**PROBLEM**
Print nothing beyond the line with "Here you're going": every line from the beginning of the data up to it, that line included, and no pictures.

**DATA PROVIDED**
========

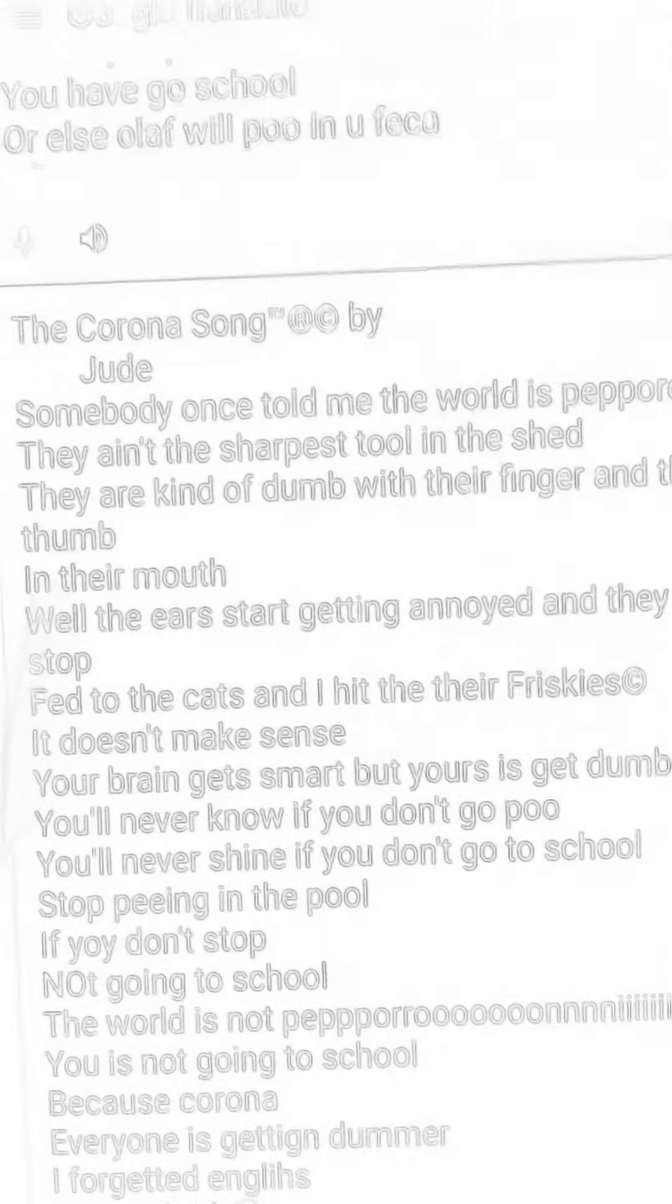The Corona Song, registered copyright by Jude. Somebody once told me the world is pepperoni, they ain't the sharpest tool in the shed. They are kind of dumb with their finger and their thumb in their mouth.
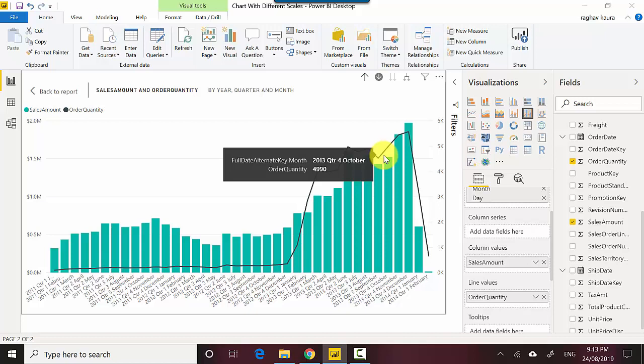So in this video, just to recap, we learned how to build a chart with different scales and have different values on different y-axes. I hope you find this video useful and thanks for watching. Please do subscribe to my channel if you enjoy what I'm doing and do like my video. Cheers, bye.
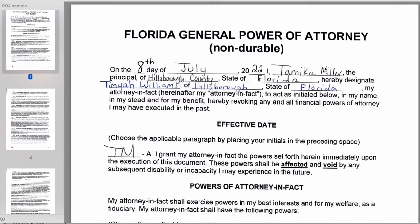Here you're going to write the person's name — the person who is there signing over their power to another person, the person who is showing you their identification. You'll put their name here, and it will say 'principal of.' You'll put Hillsborough County, just like if you were doing a different document it would say 'State of Florida, County of Hillsborough.' You'll put Hillsborough County here and Florida.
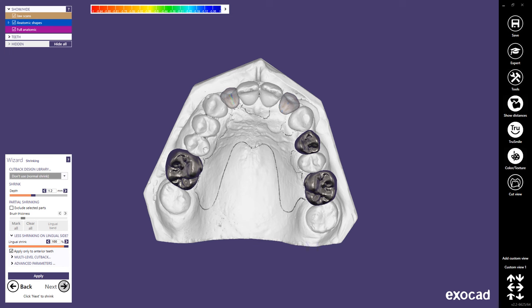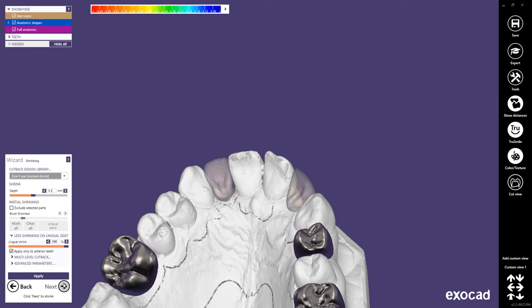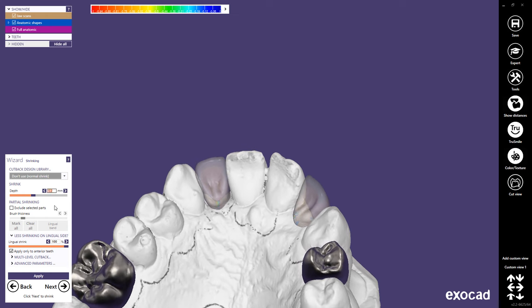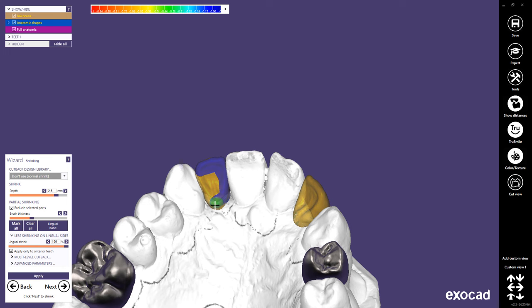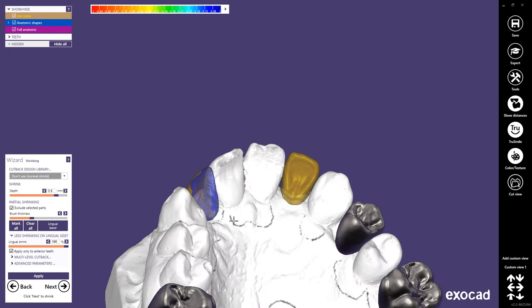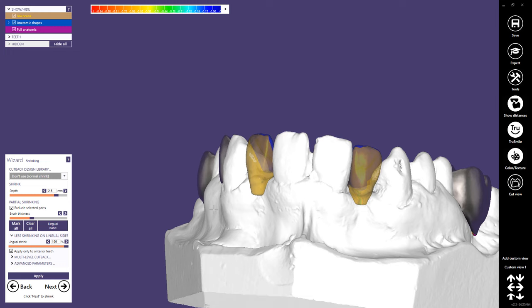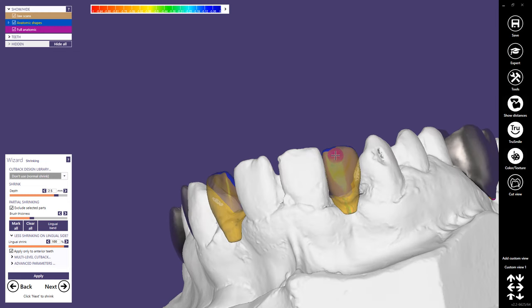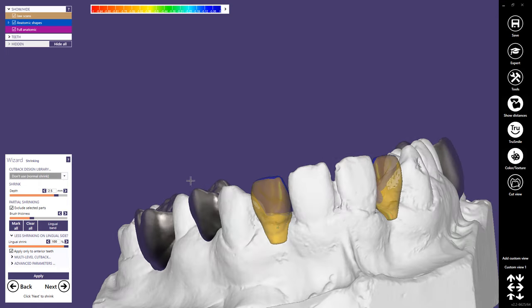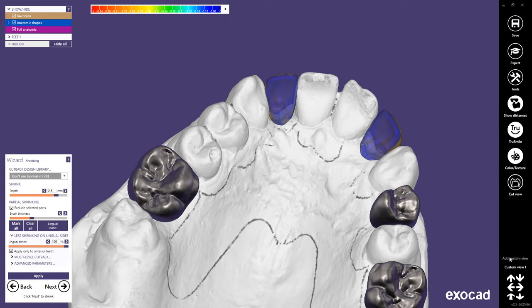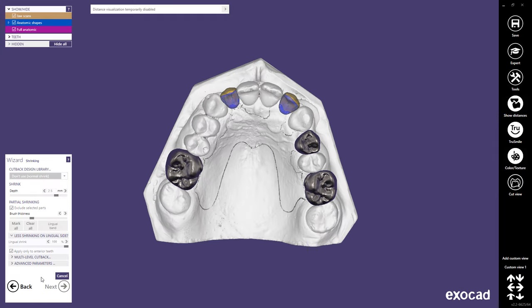In this step, I will show you how to use the shrinking step to create lingual backings. First, choose the desired shrinking depth, then check the box Exclude Selected Parts. The brush size can be adjusted by holding Shift and using the mouse wheel. Paint the areas of the tooth that you do not want to shrink. Notice the brush turns red when the hotkey Shift is held — this removes painted areas. Select Apply to shrink the pontic, then hit Next to proceed to the next step.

========

**RESPONSE FOR THIS EXERCISE**
The Corona Song, registered copyright by Jude. Somebody once told me the world is pepperoni, they ain't the sharpest tool in the shed. They are kind of dumb with their finger and their thumb in their mouth.
So in this video, just to recap, we learned how to build a chart with different scales and have different values on different y-axes. I hope you find this video useful and thanks for watching. Please do subscribe to my channel if you enjoy what I'm doing and do like my video. Cheers, bye.
Here you're going to write the person's name — the person who is there signing over their power to another person, the person who is showing you their identification. You'll put their name here, and it will say 'principal of.' You'll put Hillsborough County, just like if you were doing a different document it would say 'State of Florida, County of Hillsborough.' You'll put Hillsborough County here and Florida.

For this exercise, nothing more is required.